Ogień zauważono późnym wieczorem w piątek, 05.12.2014 r. Po przybyciu na miejsce zdarzenia pierwszych zastępów, pożarem objęty był już parter i poddasze. Na szczęście siedmioro mieszkańców zdołało ewakuować się z budynku.
Działania strażaków polegały na zabezpieczeniu miejsca zdarzenia, podaniu prądów gaśniczych do wewnątrz budynku na źródło pożaru, przeszukaniu pomieszczeń w aparatach powietrznych, ewakuacji mienia ruchomego z budynku oraz podawaniu prądów gaśniczych w obronie sąsiedniego budynku mieszkalnego.
Po wodę wozy strażackie jeździły do hydrantu przy alei kasztanowej. W hydrantach na ulicy Kościuszki było słabe ciśnienie. Dostarczoną wodę rozprowadzał obecny na miejscu nowy samochód OSP w Cedyni. Wyjeżdżając do akcji nowy mercedes nie miał wody w zbiorniku, ponieważ auto stoi na dworze (nie może wjechać do garażu z powodu zbyt wysokich gabarytów) i woda w pojeździe mogłaby zamarznąć. Na dodatek niektóre jednostki z gminy Cedynia nie mają kluczy do nowych hydrantów oraz specjalnych kombinezonów odpornych na wysoką temperaturę. Bez takich uniformów nie mogą bezpośrednio zbliżyć się do ognia oraz wejść do płonącego obiektu.
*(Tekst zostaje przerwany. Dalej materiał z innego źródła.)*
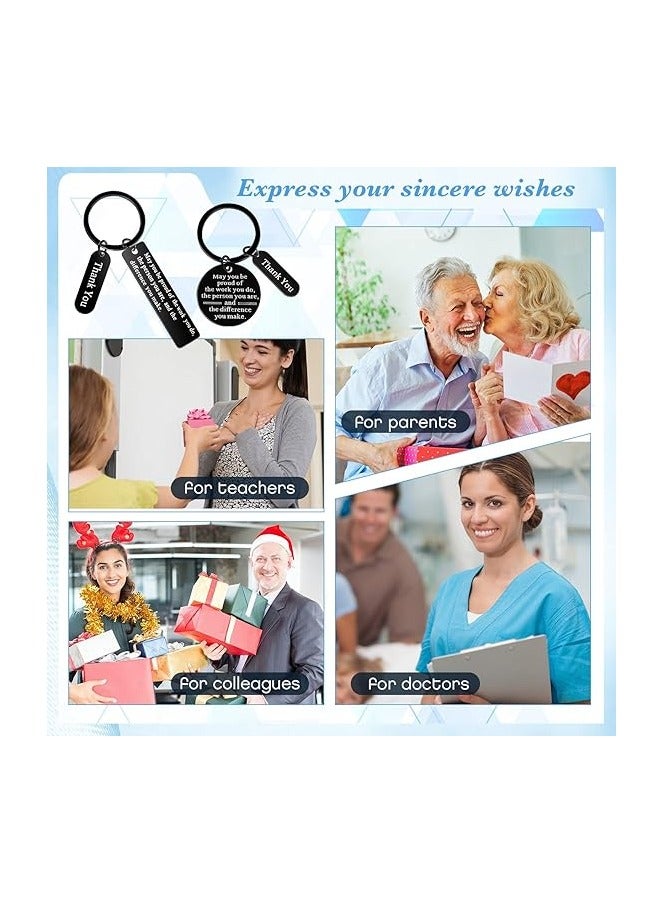 SYOSI Employee Appreciation Gifts - Bulk Thank You Keychains for Office Christmas Favors (Black,16 Pcs)  - Image 5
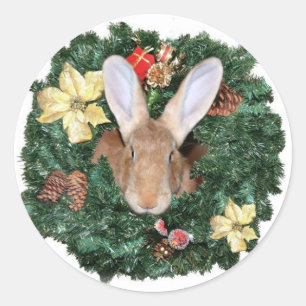 Bunny kerst ronde sticker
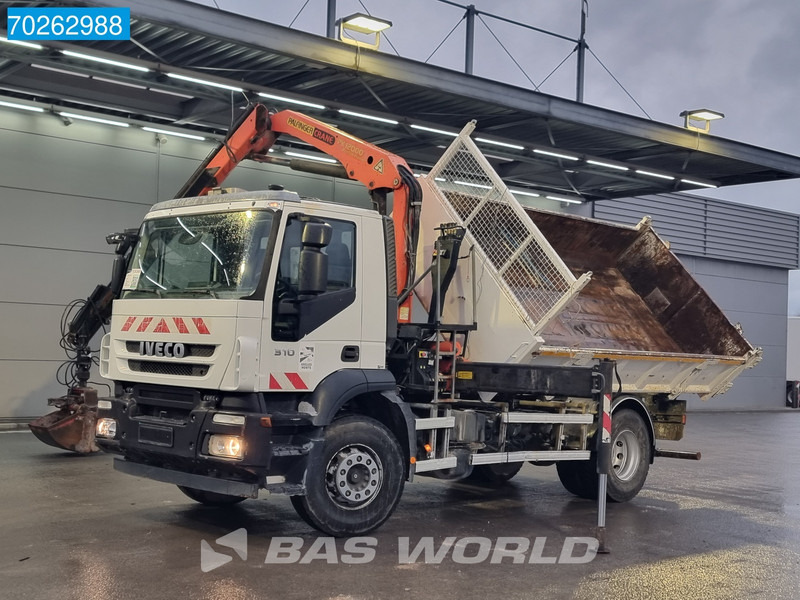 Kipper, Autokran Iveco Trakker 310 4X2 Palfinger PK12000 Kran 2-way Tipper Manual Euro 4: das Bild 7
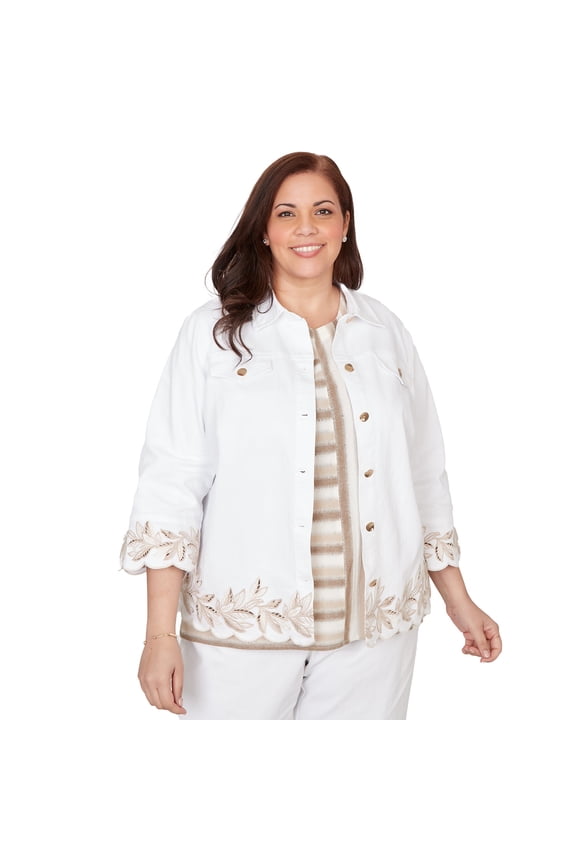 Womens Plus-Size Leaf Cutout Embroidered Shirt Jacket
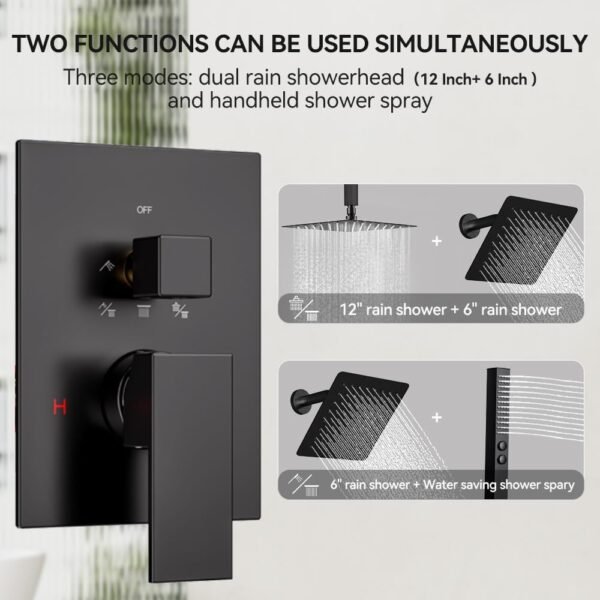 Shower Faucet Sets Shower Systems Matte Black, STARBATH 12+6" Double Rain Shower Head with with 2 in 1 Handheld High Pressure Spray,Ceiling Mount Rainfall 3 Way Shower Valve with 5 Diverter Complete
Przybyłe na miejsce zdarzenia cztery zespoły ratownictwa medycznego opatrywały poszkodowanych w pożarze. Cztery osoby zostały zabrane do szpitali w Dębnie oraz Kostrzynie. Trzy pozostałe nie wymagały hospitalizacji. Poparzone nogi ma Józef K., będzie przewieziony do szpitala w Szczecinie. Podobno w najcięższym stanie znajduje się jeden z synów Józefa K., który pomagał swojej rodzinie wydostać się z płonącego domu.
Działania prowadziła również policja. Na miejsce pożaru przybyli także komendant powiatowy państwowej straży pożarnej z Gryfina bryg. Jacek Rudziński oraz burmistrz Cedyni Gabriela Kotowicz.
Z tego co się dowiedzieliśmy, poszkodowana rodzina została umieszczona w mieszkaniu w bloku rotacyjnym w Cedyni. Burmistrz zadecydowała o uruchomieniu prac sztabu kryzysowego.
Najbardziej prawdopodobną przyczyną wybuchu pożaru było niewłaściwe umiejscowienie i użytkowanie pieca grzewczego.